Esos hechos hacen de Willy un niño típico de la generación Alfa, la primera que crecerá no ya como nativa digital sino como integrada a las habilidades de generación de los modelos preentrenados como ChatGPT, Claude, Gemini, Perplexity o Bing AI. La inteligencia artificial será parte de su educación, de su cuidado de la salud, de su socialización.

Y si Willy, que vive en una economía desarrollada, hubiera nacido en un país pobre, se encontraría en el extremo opuesto de la mayor brecha digital hasta el momento, con consecuencias difíciles de estimar.

ChatGPT es la tecnología que más velozmente se masificó hasta el momento: el teléfono demoró 75 años en llegar a 50 millones de personas y Facebook, menos de cuatro; Twitter tardó más de cinco años en llegar a 100 millones, y el chatbot de OpenAI, dos meses. Si desde la imprenta la tecnología ha moldeado a las generaciones más que algunos eventos históricos, quizá con excepciones como las guerras mundiales, es difícil imaginar que los niños de la inteligencia artificial sean la excepción.

La generación Alfa crece entre dispositivos tecnológicos, con la inteligencia artificial como nuevo elemento. (Imagen Ilustrativa Infobae)

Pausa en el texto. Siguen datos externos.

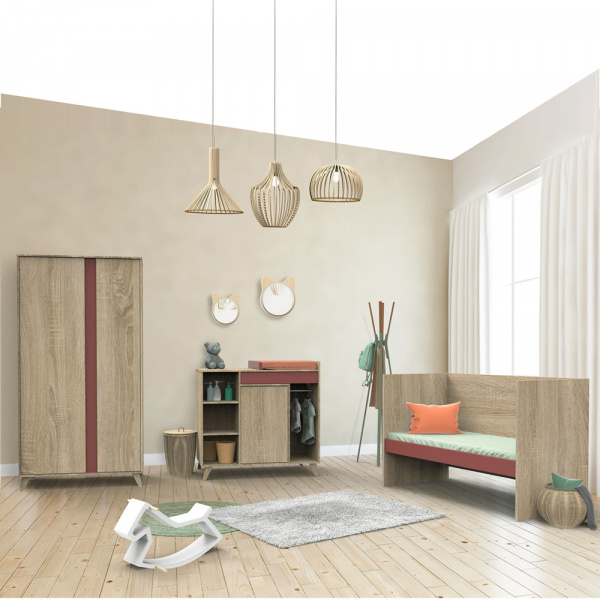 Commode bébé évolutive en bureau nova rose canyon Sauthon meubles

Estos niños, la generación Alfa, según la clasificación del consultor australiano Mark McCrindle, no sabrá qué era un pager, ni la guía amarilla, ni el Blackberry, ni las tarjetas bancarias ni MySpace, pero será la más numerosa hasta el momento. Nacidos entre 2010 y 2025 (los más grandes entran en la adolescencia, los más jóvenes ni siquiera son proyecto hoy), llegarán a casi 2.500 millones de personas.

¿Qué impacto tendrá en los niños la crianza con IA?

“Todas las transformaciones surgidas para mejorar las capacidades y las percepciones humanas, para expandir los sentidos, han tenido un impacto enorme en los seres humanos, y esta tecnología también lo va a tener, con seguridad. Enorme”, subrayó el psiquiatra y psicoanalista Harry Campos Cervera. Y esa enormidad, estima, tendrá dos direcciones muy diferentes.

“Creo que va a tener un impacto muy positivo en la expansión de la inteligencia. Hay gente que piensa que nos va a atrofiar la inteligencia pero, al contrario, creo que así como el microscopio ayudó a que la vista se expanda, y esta expansión permitió que los seres humanos sacáramos conclusiones enormes sobre cosas que antes no podíamos siquiera imaginar —por ejemplo, el microscopio electrónico permitió el desarrollo de la biología molecular— seguramente la IA va a expandir nuestra inteligencia de una manera que todavía no podemos imaginar”.

Campos Cervera habló, como ejemplo reciente, del empleo de IA en medicina, que actualmente asiste a los profesionales de la salud en tareas desde el diagnóstico —en el análisis de estudios de imágenes como resonancias magnéticas— hasta la investigación de nuevas drogas.